● Brief
Copy the data verbatim and leave out every picture.

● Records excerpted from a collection
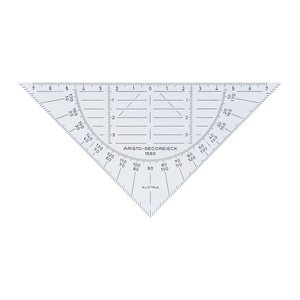 ARISTO Geodreieck 16,0 cm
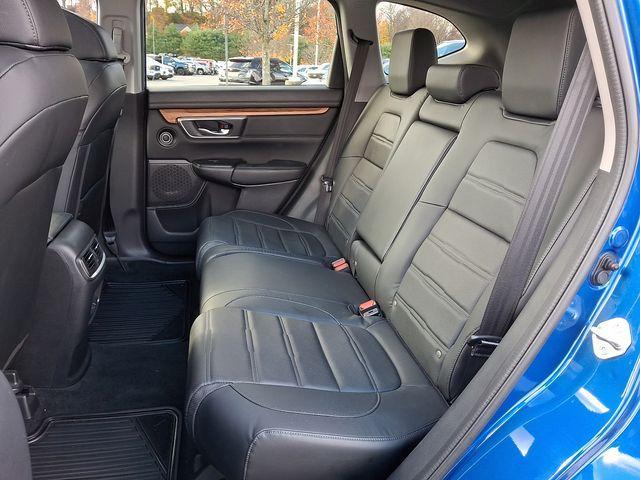 used 2021 Honda CR-V car, priced at $28,846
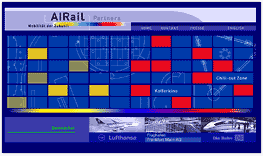 airail partners - homepage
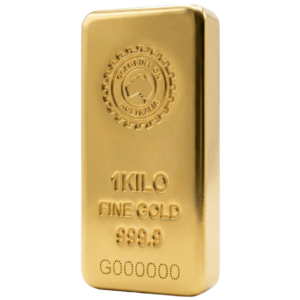 GBA 1kg Gold Cast 9999
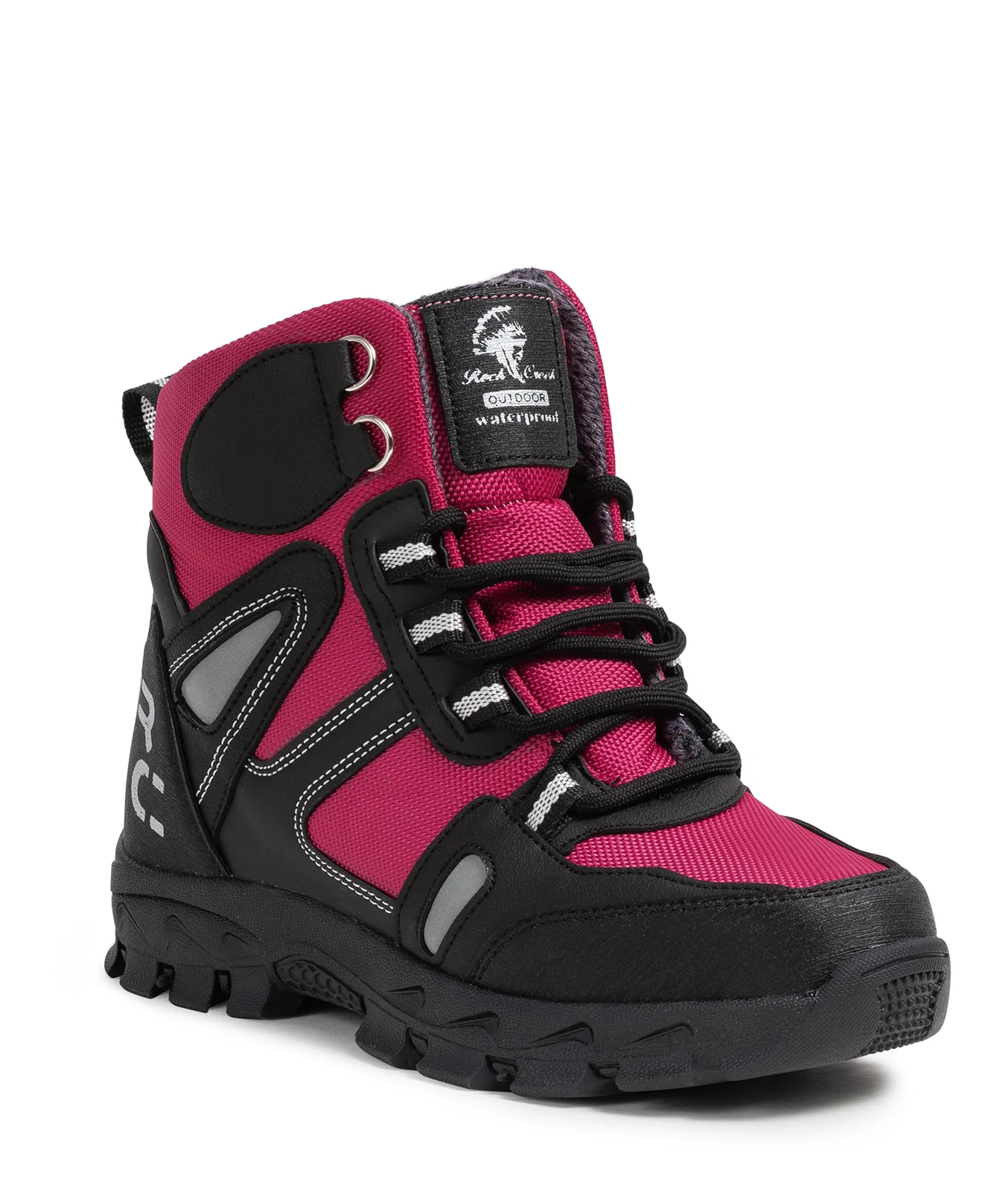Rock Creek Damen Trekkingschuhe Hoch D-460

● Result of this task
 ARISTO Geodreieck 16,0 cm
 used 2021 Honda CR-V car, priced at $28,846
 airail partners - homepage
 GBA 1kg Gold Cast 9999
Rock Creek Damen Trekkingschuhe Hoch D-460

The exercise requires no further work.